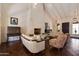 Elegant living room featuring a stunning fireplace and hardwood floors at 6701 N Scottsdale Rd # 20, Scottsdale, AZ 85250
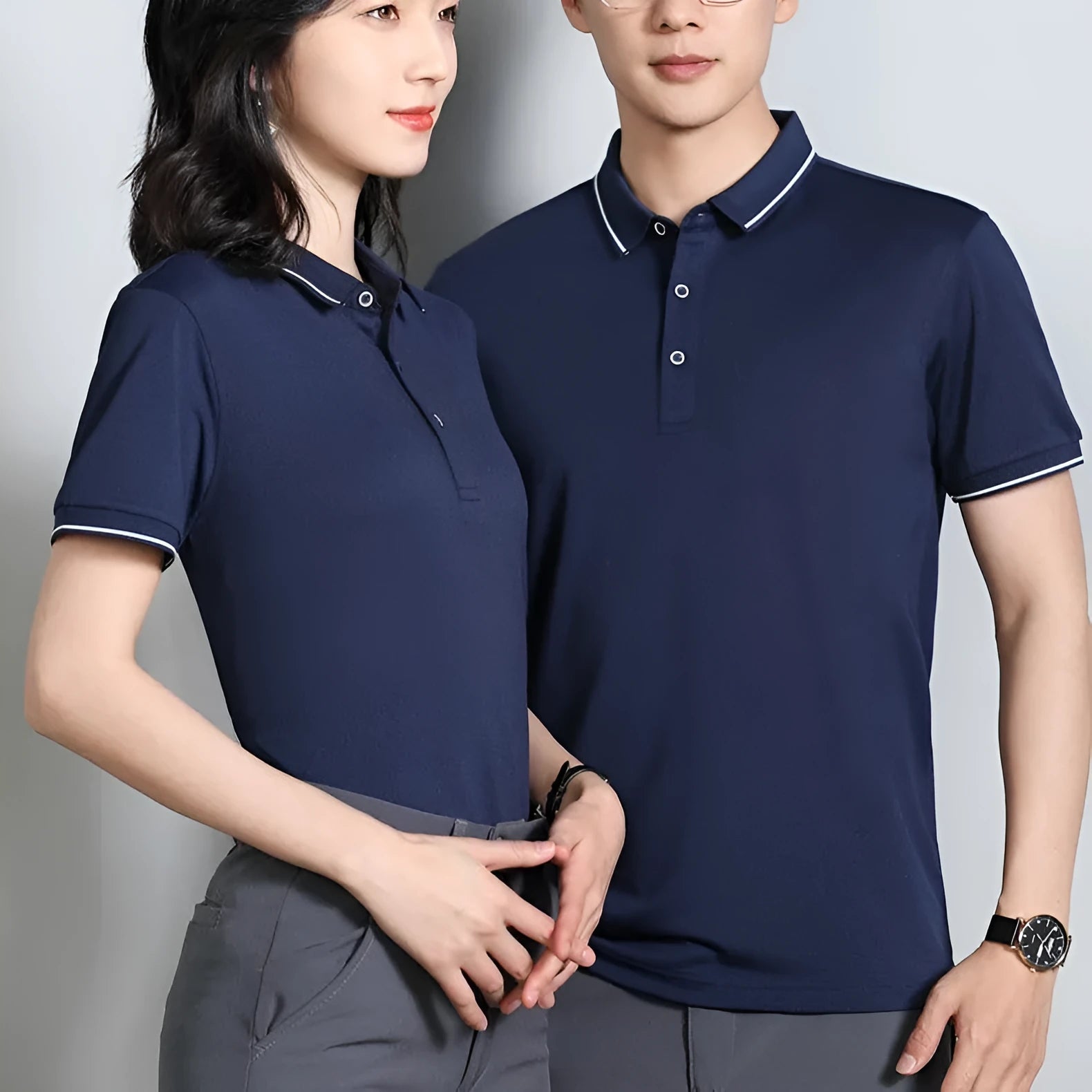 Short-sleeved beautician work polo shirt in cool silk cotton on a hanger, showing asymmetric detail and collar.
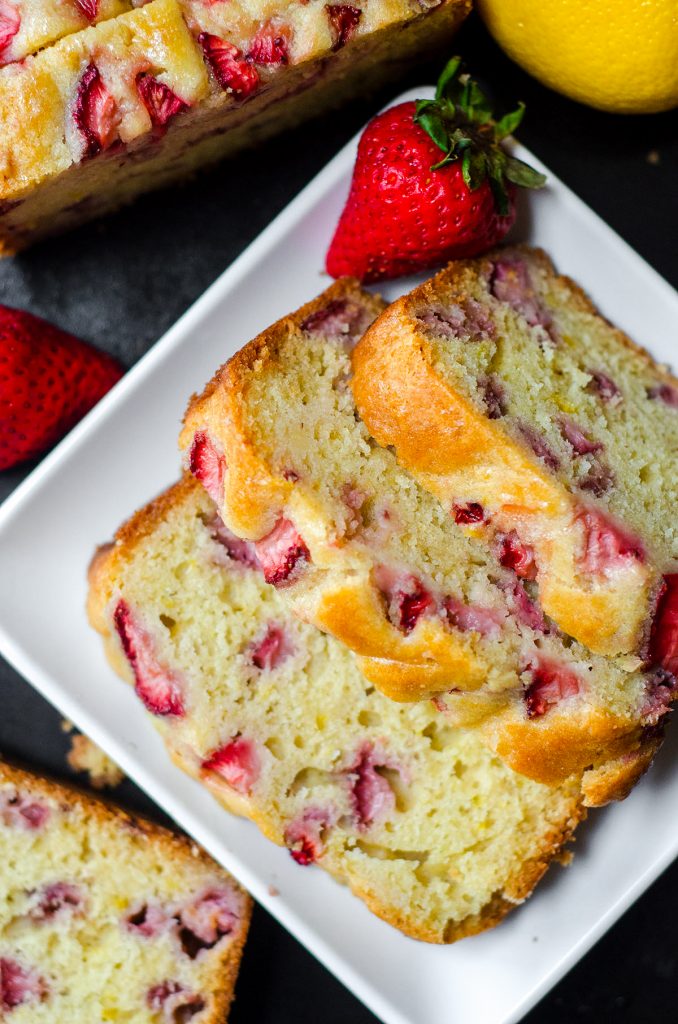 slices of strawberry lemonade quick bread on a white plate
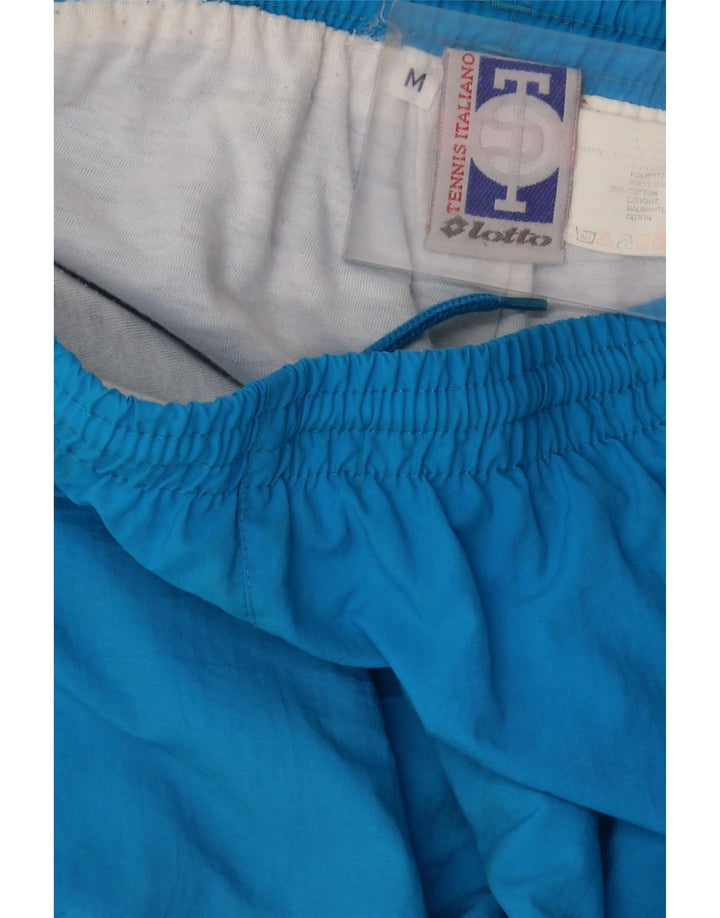 Pantaloni de trening pentru bărbați LOTTO Pantaloni de jogging Poliester albastru mediu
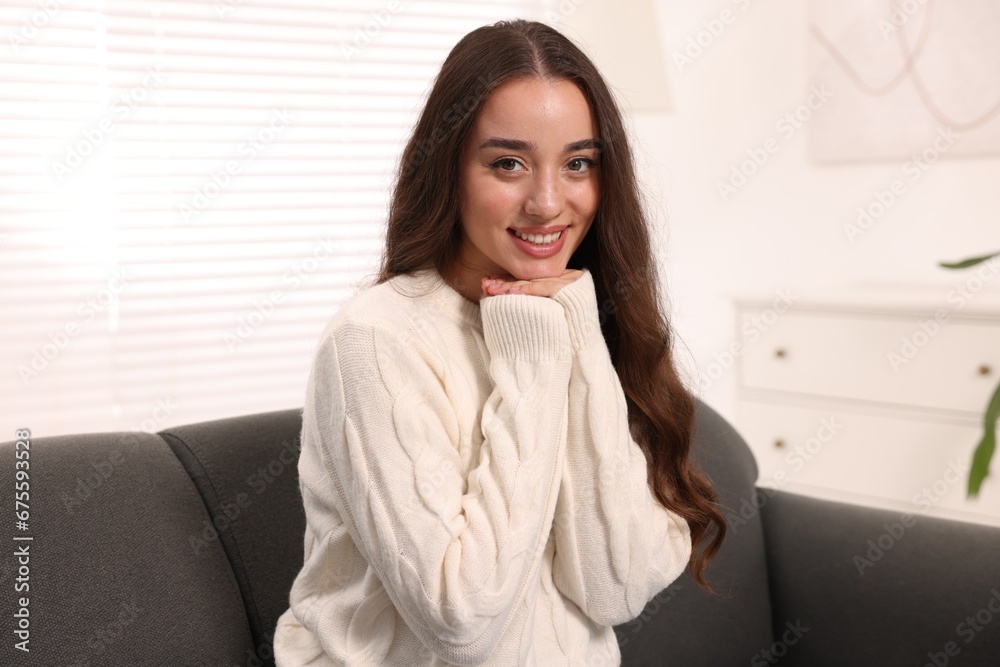 Beautiful young woman in stylish warm sweater on sofa at home Beautiful young woman in stylish warm sweater on sofa at home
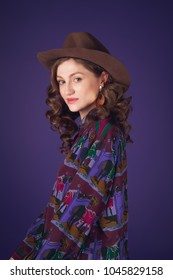 Beautiful Sexy Classy Woman Model In Cowgirl Shirt And Cowboy Hat Full Body Portrait Blue Background Studio Natural Caucasian Makeup Attitude Glasses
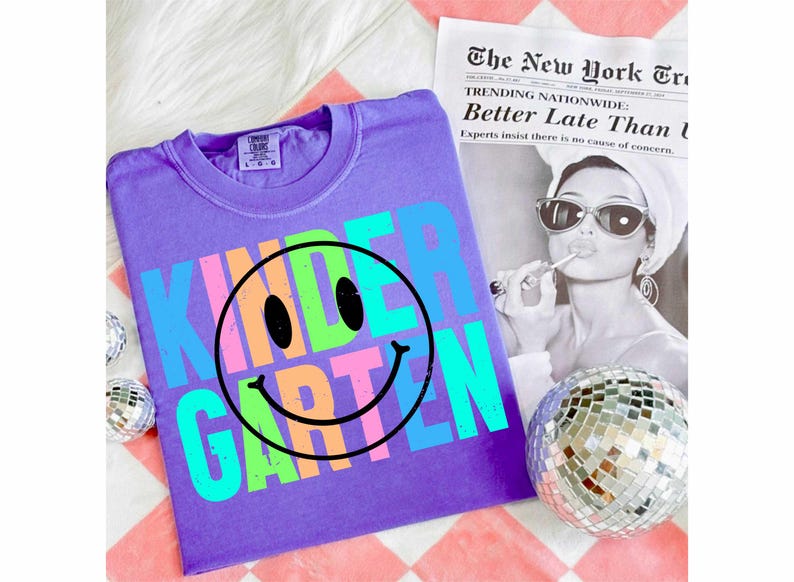 K&ouml;nnte beinhalten: Ein lila T-Shirt mit dem Wort "KINDERGARTEN" in bunten Buchstaben und einem Smiley-Gesicht. Das Shirt liegt auf einer wei&szlig;en Oberfl&auml;che, im Hintergrund eine Zeitung und eine Discokugel.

Task requirements:
Reproduce exactly and only the lines from the "Beautiful Sexy Classy" line to the last line of the records above. Do not carry over any pictures.

Exercise output:
 Beautiful Sexy Classy Woman Model In Cowgirl Shirt And Cowboy Hat Full Body Portrait Blue Background Studio Natural Caucasian Makeup Attitude Glasses
 K&ouml;nnte beinhalten: Ein lila T-Shirt mit dem Wort "KINDERGARTEN" in bunten Buchstaben und einem Smiley-Gesicht. Das Shirt liegt auf einer wei&szlig;en Oberfl&auml;che, im Hintergrund eine Zeitung und eine Discokugel.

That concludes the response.